Demonstrates the construction of an **ATU-100 (N7DDC)** automatic antenna tuner, detailing the assembly process from component arrival to final enclosure. The resource covers winding the tandem match transformer, connecting the OLED display, and integrating optional control buttons. Specific attention is given to modifying the EEPROM settings for **QRP operation**, reducing the minimum tuning power to 1 Watt, and addressing potential RF interference with CPU by adding capacitors to button connections.
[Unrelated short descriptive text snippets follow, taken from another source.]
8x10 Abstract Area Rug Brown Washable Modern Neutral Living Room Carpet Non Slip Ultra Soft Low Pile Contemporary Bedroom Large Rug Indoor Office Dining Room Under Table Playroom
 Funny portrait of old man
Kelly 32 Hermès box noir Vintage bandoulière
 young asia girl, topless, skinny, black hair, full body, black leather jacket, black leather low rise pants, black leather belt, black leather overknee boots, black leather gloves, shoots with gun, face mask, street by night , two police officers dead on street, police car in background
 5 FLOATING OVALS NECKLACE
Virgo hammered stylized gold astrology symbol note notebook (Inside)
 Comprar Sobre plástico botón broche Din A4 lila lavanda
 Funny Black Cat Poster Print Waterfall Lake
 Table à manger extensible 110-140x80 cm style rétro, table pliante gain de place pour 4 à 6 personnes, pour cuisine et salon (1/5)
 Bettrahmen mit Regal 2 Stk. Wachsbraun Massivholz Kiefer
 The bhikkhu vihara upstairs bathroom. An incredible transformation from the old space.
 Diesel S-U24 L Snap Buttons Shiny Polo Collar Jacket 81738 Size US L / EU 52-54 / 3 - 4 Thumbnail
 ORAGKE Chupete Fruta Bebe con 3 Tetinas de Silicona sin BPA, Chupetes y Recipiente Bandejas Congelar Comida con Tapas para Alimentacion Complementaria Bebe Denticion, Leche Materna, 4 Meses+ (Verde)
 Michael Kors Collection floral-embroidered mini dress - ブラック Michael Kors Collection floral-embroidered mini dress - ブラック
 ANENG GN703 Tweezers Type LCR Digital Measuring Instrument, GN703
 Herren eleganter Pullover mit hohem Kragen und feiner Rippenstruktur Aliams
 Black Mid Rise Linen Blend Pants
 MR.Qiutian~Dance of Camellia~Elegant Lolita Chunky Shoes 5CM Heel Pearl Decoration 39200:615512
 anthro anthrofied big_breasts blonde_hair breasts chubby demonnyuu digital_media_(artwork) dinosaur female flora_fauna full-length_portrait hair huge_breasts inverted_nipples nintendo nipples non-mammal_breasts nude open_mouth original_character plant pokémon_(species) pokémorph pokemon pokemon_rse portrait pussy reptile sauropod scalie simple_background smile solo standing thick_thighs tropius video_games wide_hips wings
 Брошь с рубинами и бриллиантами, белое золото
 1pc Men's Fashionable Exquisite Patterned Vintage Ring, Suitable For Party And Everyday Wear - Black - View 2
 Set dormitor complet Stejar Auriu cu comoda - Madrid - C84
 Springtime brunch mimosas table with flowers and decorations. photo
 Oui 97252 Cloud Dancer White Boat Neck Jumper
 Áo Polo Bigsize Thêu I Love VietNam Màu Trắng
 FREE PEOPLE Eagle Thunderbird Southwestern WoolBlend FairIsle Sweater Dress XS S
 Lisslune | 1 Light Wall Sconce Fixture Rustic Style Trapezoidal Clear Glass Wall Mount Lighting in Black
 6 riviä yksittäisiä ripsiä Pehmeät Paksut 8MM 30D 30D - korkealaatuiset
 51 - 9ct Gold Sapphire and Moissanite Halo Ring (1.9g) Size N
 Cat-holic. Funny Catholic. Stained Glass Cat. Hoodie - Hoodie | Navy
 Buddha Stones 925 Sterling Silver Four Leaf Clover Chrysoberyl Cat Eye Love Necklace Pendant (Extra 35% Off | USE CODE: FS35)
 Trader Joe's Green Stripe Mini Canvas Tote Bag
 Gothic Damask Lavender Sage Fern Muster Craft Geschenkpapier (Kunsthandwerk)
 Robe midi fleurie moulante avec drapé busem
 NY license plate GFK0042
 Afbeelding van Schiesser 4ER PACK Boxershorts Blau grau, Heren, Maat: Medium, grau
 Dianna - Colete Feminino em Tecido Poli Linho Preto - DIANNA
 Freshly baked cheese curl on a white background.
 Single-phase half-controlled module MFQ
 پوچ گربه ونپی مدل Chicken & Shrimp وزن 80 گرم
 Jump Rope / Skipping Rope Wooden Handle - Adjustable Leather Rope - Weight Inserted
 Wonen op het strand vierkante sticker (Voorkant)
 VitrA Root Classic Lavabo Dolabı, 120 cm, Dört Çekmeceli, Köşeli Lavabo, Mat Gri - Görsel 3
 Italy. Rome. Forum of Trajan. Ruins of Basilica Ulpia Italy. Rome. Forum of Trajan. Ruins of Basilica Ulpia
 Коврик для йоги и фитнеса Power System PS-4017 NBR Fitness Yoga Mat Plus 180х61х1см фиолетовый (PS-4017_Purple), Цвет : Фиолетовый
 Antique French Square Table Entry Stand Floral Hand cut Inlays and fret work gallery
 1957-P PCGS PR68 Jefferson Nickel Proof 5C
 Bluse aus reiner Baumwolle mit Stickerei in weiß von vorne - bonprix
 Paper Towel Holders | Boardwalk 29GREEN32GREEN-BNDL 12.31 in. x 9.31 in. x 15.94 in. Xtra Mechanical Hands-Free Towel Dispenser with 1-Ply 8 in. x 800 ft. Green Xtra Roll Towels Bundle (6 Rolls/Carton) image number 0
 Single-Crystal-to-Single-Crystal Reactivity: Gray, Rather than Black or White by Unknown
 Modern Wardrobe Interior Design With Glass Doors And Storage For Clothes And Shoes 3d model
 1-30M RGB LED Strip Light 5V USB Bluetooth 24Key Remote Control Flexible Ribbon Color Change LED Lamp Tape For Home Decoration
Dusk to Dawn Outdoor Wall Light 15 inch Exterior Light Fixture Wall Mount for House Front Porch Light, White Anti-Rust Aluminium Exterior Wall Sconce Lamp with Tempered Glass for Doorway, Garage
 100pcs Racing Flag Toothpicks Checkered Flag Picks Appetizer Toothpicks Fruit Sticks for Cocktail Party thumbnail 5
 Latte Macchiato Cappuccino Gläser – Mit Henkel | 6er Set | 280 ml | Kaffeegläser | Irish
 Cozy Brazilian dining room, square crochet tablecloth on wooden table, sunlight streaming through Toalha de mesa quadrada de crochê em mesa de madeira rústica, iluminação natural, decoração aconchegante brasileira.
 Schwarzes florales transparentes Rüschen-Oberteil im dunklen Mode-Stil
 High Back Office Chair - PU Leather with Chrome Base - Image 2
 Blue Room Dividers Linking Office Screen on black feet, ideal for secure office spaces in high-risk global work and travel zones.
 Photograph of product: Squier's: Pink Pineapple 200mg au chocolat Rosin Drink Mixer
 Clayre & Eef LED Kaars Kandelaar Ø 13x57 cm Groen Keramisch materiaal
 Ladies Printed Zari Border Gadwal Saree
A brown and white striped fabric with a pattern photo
The build log includes practical tips such as adapting RG58 coaxial cable strands for PCB mounting and utilizing a repurposed Macbook Pro cover for the custom enclosure. The author references external GitHub pages for comprehensive information, R0AEK's resources for additional details, and a video by MW0SAW for EEPROM configuration across different ATU-100 variants. Future plans involve field testing the completed tuner during SOTA or other portable activations.